Ce qui enlève à Michel Martelly le pouvoir exclusif, et exclusiviste, de pouvoir désigner son successeur … à la manière d’un César.
Le premier à en pâtir serait l’ex-premier ministre Laurent Lamothe.

Série à la Chicago des années trente …
Les Lamothistes hurlent aujourd’hui dans les brancards.
Mais ils ne s’en contentent pas. Une véritable guerre intestine règne aujourd’hui au sein du régime Tèt Kale.
Parce que les anti-Lamothe en profitent de leur côté pour avancer leurs pions. Actuellement la bataille fait rage dans les coulisses des candidatures aux prochaines législatives présentées par le parti au pouvoir.
Mais aussi le même clan en profite pour vider tous les autres contentieux. Il faut faire vite. Entre autres la détention depuis plusieurs mois de ce Woodly Ethéard, surnommé Sonson Lafamilia, du nom d’un restaurant qui était aussi un ‘hang out’ (rendez-vous) favori pour notre chef de l’Etat, mais aussi apparemment le quartier général d’un gang spécialisé dans les stupéfiants et les enlèvements, le Gang Galil.
Mais nous n’aurons pas le loisir de savoir ce qui est vrai ou faux dans cette série à la Chicago des années trente puisque nos ‘chefs’ ont décidé de ne prendre aucun risque. Et de libérer le célèbre accusé avant même le procès proprement dit.
On pense que le président Martelly doit prendre de nombreuses décisions du même genre en ce moment. Comme quoi, le sort en est jeté, tout ce qui ne lui est pas interdit officiellement, allez y.
Interdit par Washington, bien entendu, par qui d’autre ?
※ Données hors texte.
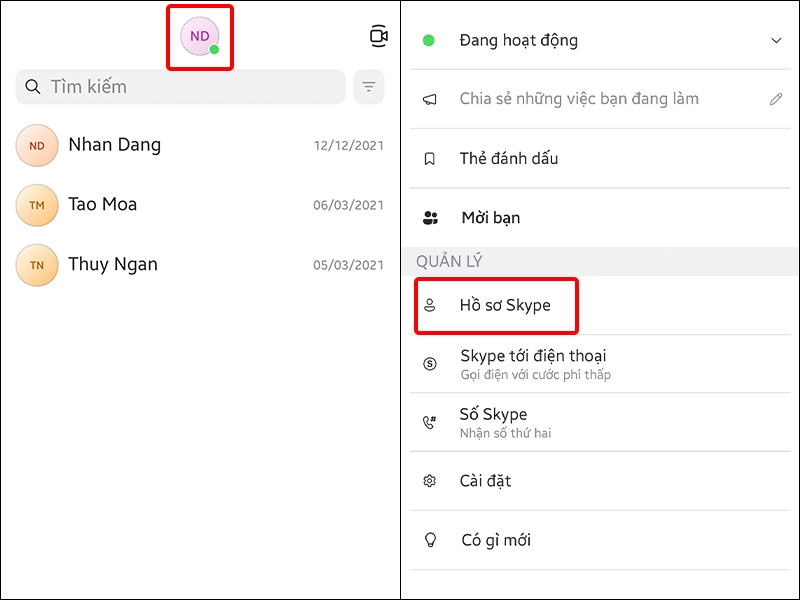 Nhấn vào Ảnh đại diện của bạn và chọn Hồ sơ Skype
Il ne peut donner la décharge, comme s’il désignait lui-même son successeur, pouvoir suprême par excellence (‘en tant que chef suprême de la nation’, comme il se présentait dans les premiers jours de sa présidence), cela malgré tous les efforts faits par lui et par son ex-premier ministre, Laurent Lamothe, qui fit pendant longtemps figure de favori - alors pour le reste, il ne prendra ni ne donnera aucune chance, pas de cadeau, pas de quartier !

Gare aux effets boomerang …
D’autant qu’on constate de plus en plus, au fur et à mesure qu’approche la fin de règne, que notre président a beaucoup de comptes à rendre. Et que les demandes de règlement qui l’assaillent, sont nombreuses. Trop nombreuses à gérer.
Et que les mots d’ordre de Washington ne sont probablement pas son pire casse-tête que gérer la guerre des clans qui fait rage autour de lui en cette avant-veille des élections.
On se bouscule, mais on se dénonce aussi allègrement les uns les autres et c’est pire encore à cause des effets boomerang qui peuvent retomber sur la tête de tout un chacun et aussi de tout l’ensemble.
De fait, on a l’impression que toutes ces histoires de découvertes de tonnes de cocaïne ici et là ne sont pas un effet du hasard.
Comme lors des guerres de succession dans le vieux Monde, évitons de sortir dans les rues qui sont livrées aux spadassins et à leurs hommes de main dangereux et aveugles.